Though the research sought to identify the facial features that most appeal
to youngsters in pets – specifically, whether baby-like traits play a role –
what inadvertently emerged was a picture of cats as underdogs.
Reporting in the journal Human-Animal Interaction Bulletin, scholars find
children have a preference for cats with adorable, infantile features, versus
cats that lack such qualities.
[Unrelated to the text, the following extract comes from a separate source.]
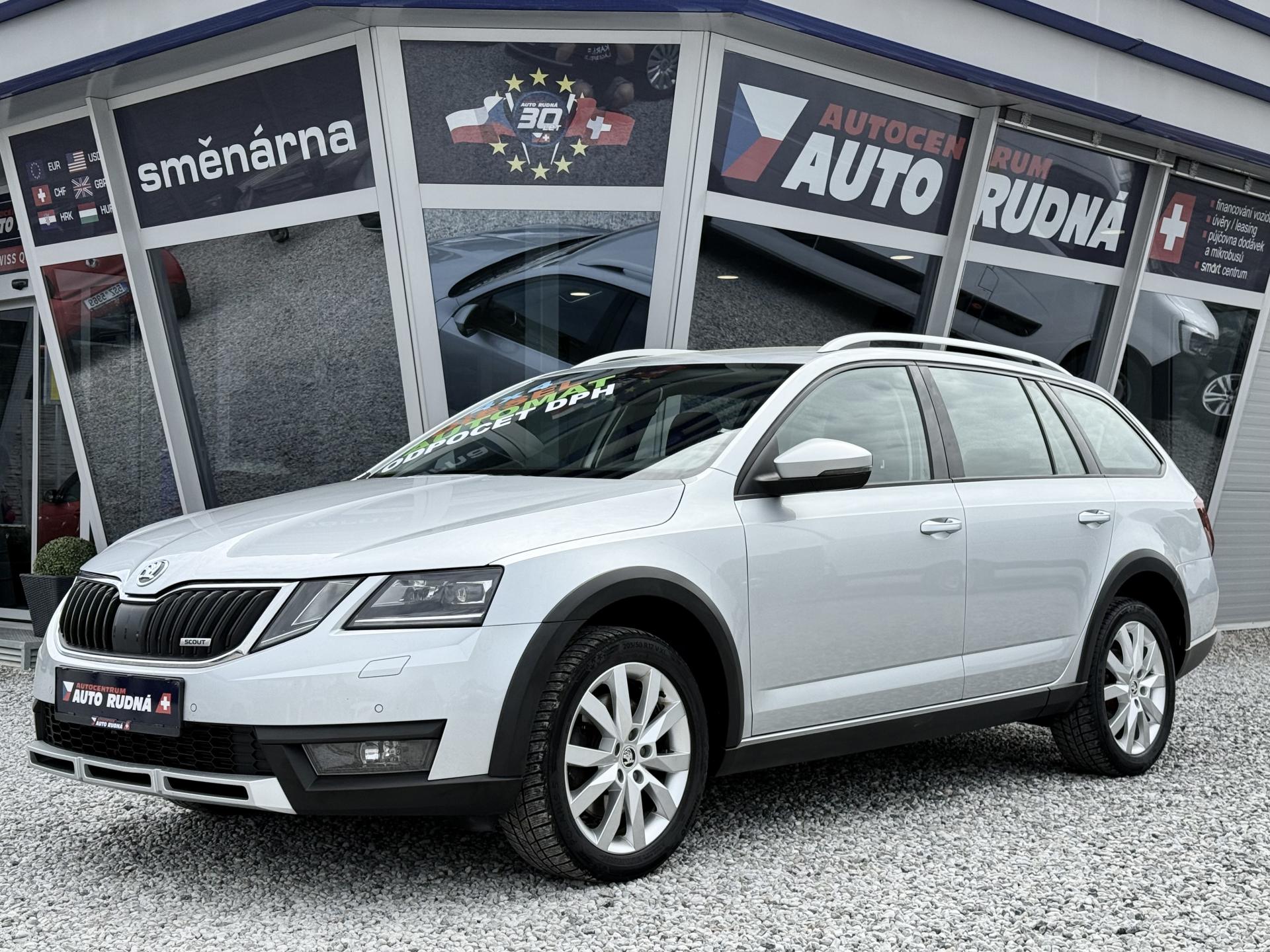 Škoda Octavia Scout 2,0 TDI 4x4 Automat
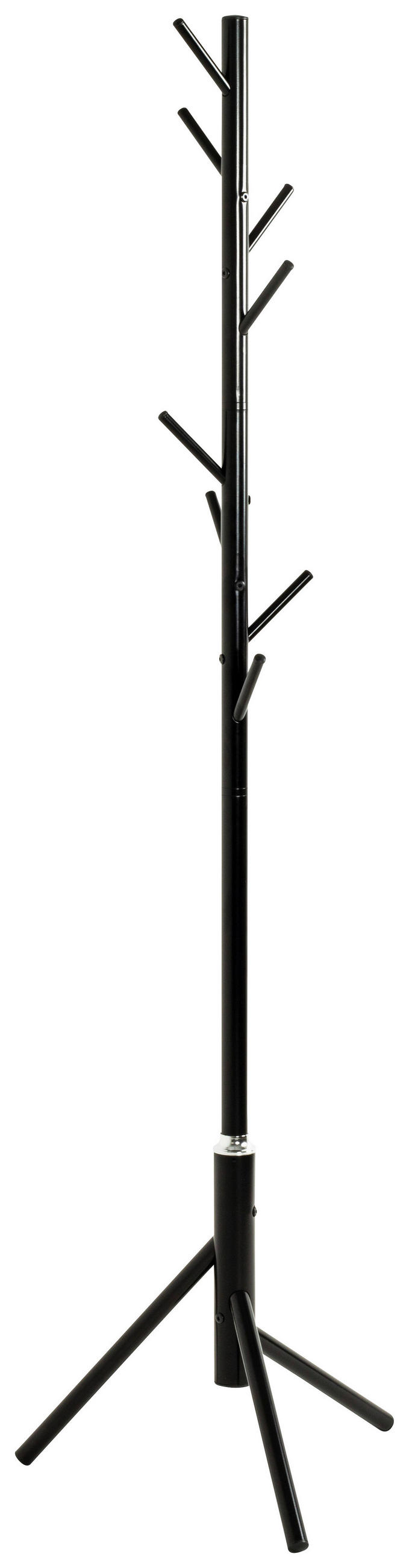 KLEIDERSTÄNDER in Schwarz 48/173/48 cm   - Schwarz, MODERN, Metall (48/173/48cm)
Throw dogs into the mix, however, and the cats
get left in the dust, regardless of either animal’s baby-like cuteness.
“Children in our study preferred dogs over cats in every comparison, and
regardless of their familiarity with this species,” said study co-author Marta
Borgi, of the Istituto Superiore di Sanita in Italy. “The appreciation of
less-popular animals like cats probably needs time to develop, and appears more
dependent on their physical appeal and on our contacts with them.”
The study, co-authored by Francesca Cirulli, draws on 272 children, aged
three to six, who were presented with forced-choice tasks pairing different
types of images. For instance, an adult dog and adult cat, a teddy bear and a
dog, a human baby and a kitten, and so on.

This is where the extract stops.